The task: Lines in the listing that hold the string "Photo" need to be tallied, and the total given alone.
Provided records Start Marker
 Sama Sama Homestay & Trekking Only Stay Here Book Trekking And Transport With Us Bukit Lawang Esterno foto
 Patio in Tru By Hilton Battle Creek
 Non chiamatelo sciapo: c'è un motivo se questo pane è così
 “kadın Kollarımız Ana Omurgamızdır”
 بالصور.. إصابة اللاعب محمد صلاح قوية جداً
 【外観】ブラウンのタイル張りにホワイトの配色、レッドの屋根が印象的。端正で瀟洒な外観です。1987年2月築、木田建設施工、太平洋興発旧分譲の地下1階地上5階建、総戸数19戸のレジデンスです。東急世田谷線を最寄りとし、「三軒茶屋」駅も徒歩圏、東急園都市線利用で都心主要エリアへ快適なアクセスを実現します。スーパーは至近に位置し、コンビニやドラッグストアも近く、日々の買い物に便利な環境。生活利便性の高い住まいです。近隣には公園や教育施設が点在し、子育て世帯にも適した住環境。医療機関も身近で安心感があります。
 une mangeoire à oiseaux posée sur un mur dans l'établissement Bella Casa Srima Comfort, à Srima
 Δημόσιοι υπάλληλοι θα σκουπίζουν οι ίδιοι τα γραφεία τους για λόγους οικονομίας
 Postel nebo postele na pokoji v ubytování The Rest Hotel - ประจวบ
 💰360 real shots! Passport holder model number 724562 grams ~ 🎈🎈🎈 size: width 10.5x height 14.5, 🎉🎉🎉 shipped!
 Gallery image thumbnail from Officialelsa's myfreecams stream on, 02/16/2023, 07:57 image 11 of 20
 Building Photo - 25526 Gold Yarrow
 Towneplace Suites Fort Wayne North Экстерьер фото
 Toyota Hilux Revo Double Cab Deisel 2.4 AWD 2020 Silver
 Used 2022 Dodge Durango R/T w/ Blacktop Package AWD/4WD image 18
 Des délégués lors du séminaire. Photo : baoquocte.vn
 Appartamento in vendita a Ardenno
Provided records End Marker
Response: 2